Project

General

Profile

Actions

Bug #3084

open

Memory fragmentation with HTTP/2 enabled

Added by ZivHung 19 days ago. Updated 2 days ago.

Status:
New
Priority:
Normal
Category:
core
Target version:
ASK QUESTIONS IN Forums:
Yes

Description

Hello,

We use lighttpd 1.4.59 to receive file for our linux server, according to our test process, we repeatedly transfer a 4 KB file per 10 milliseconds a time, memory of lighttpd process will increase around 3000 KB after 20 minutes, (it will increase about 7500 KB after one hour).

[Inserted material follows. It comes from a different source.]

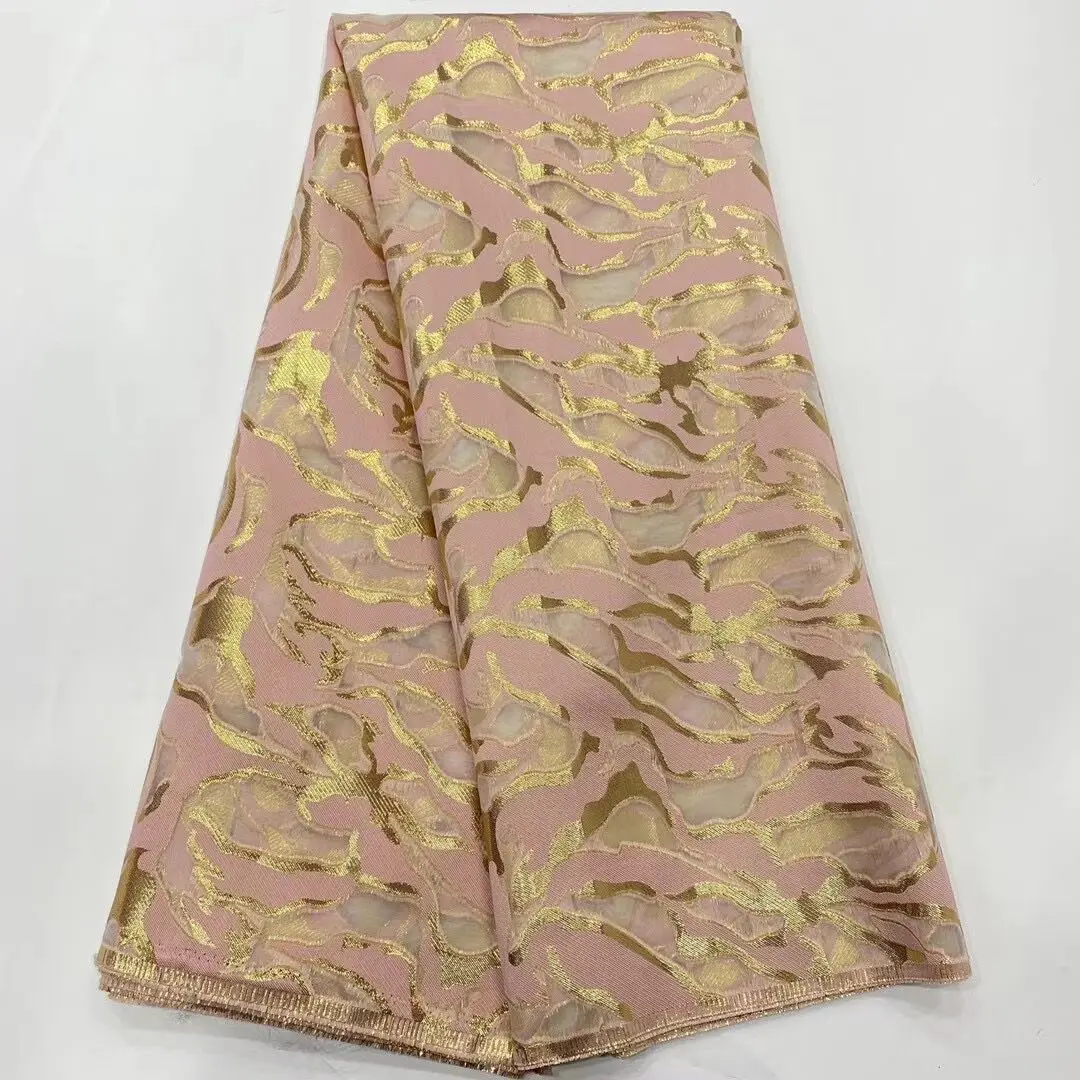 

Yellow African Damask Jacquard Brocade Fabric 2021 Nigerian Organza Lace Cloth French Net Material Tissus Telas For Dress POZ27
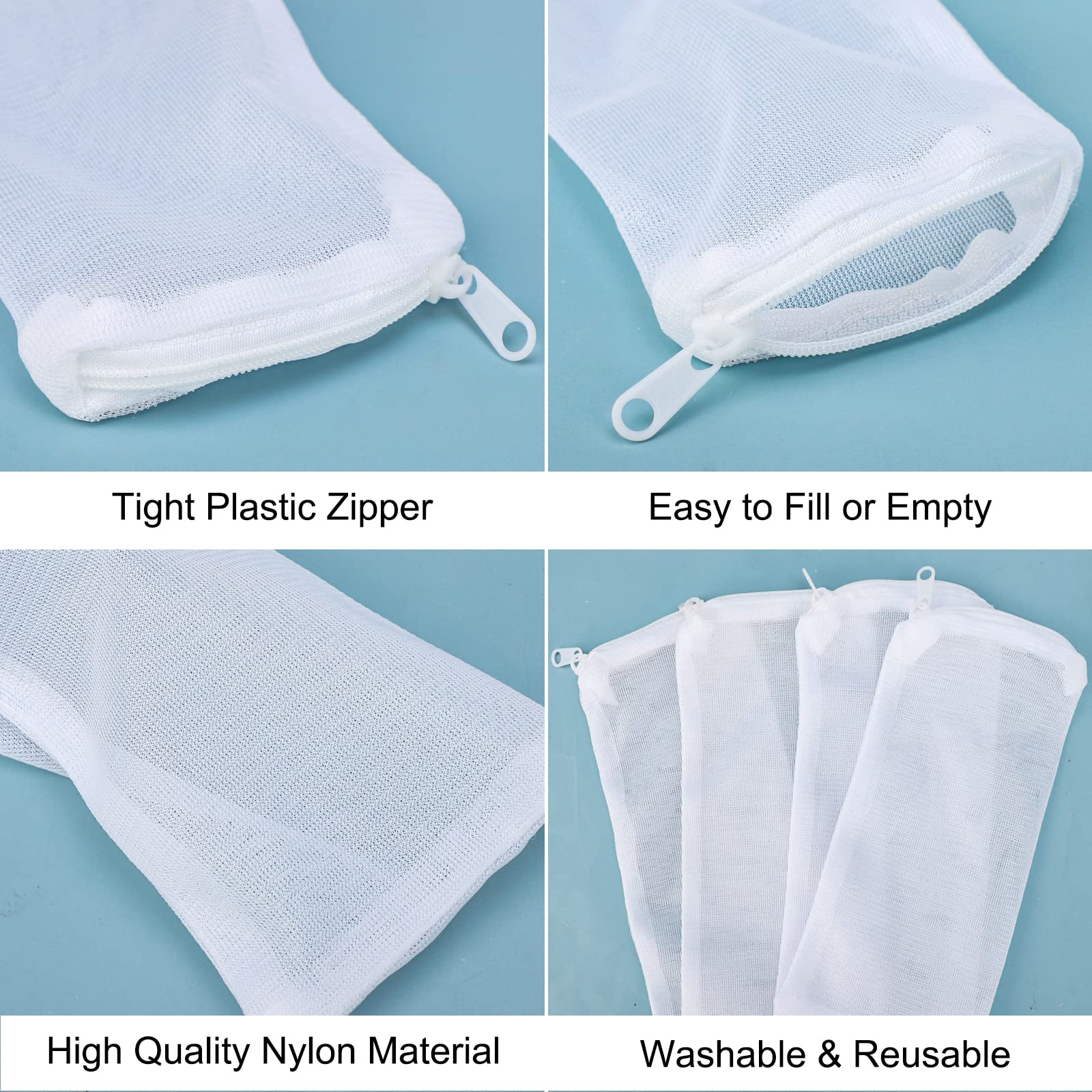 Segarty Filter Bag, 10 Pack 0.5Mm Fine Mesh 7.7 X 3 Inch Reusable White Nylon Aquarium Media Net Bags With Plastic Zipper For Ce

However, we use same condition to check lighttpd 1.4.58 , we find memory won’t increase any KB, and after test one hour, memory size would even become less than an hour ago.

In these two experiments, lighttpd.conf is the same, and so does our linux server, therefore, we think there is a memory leak problem in 1.4.59.
Please check our lighttpd.conf setting in attached file.


Files

lighttpd.conf (5.13 KB) lighttpd.conf ZivHung, 2021-06-01 02:14
lighttpd.conf (5.15 KB) lighttpd.conf ZivHung, 2021-06-02 05:44
lighttpd.conf (5.05 KB) lighttpd.conf ZivHung, 2021-06-02 14:13
lighttpd-memory.png (87.3 KB) lighttpd-memory.png Lighttpd memory usage for one week flynn, 2021-06-03 13:03
Actions #1

Updated by gstrauss 19 days ago

Thank you for providing your lighttpd.conf.

Would you please help narrow down what behavior is causing the memory increase?
What requests?
FastCGI requests?
WSTunnel requests?
CGI requests? I see CGI directives in your lighttpd.conf, but you have commented out "mod_cgi" in server.modules

Does the issue go away if you change the streaming parameters? (one or both)

server.stream-request-body = 1
server.stream-response-body = 1

or with
server.stream-request-body = 0
server.stream-response-body = 0

Is there a reason you have disabled TLS session tickets? (-SessionTicket)?
Is there a reason you are using writev instead of the default sendfile for server.network-backend="writev" ?

BTW, if you want lighttpd to omit the Server response header, use server.tag = ""

I see that you have disabled ETag generation. If the responses should never be cached, you might also disable the stat cache and see if that makes a difference in memory use. server.stat-cache-engine = "disable"

Actions #2

Updated by gstrauss 19 days ago

Another difference between lighttpd 1.4.58 and lighttpd 1.4.59 is enabling HTTP/2 by default.

Please test with server.feature-flags = ( "server.h2proto" => "disable" ) to see if that makes a difference for you.

Actions #3

Updated by ZivHung 18 days ago

Hello,

Thanks for the tip, after we tested the lighttpd 1.4.59 in adding “server.feature-flags = ( "server.h2proto" => "disable" )”, the memory size didn’t climb up(match our expectation).

About your question, we use FastCGI to transfer CGI command. Besides, change the setting of server.stream-request(response)-body doesn’t change the situation of memory size climbing up, so does the “server.stat-cache-engine = "disable"”, however, we will add this setting because we indeed don’t need to cache the response. (please check our latest lighttpd.conf)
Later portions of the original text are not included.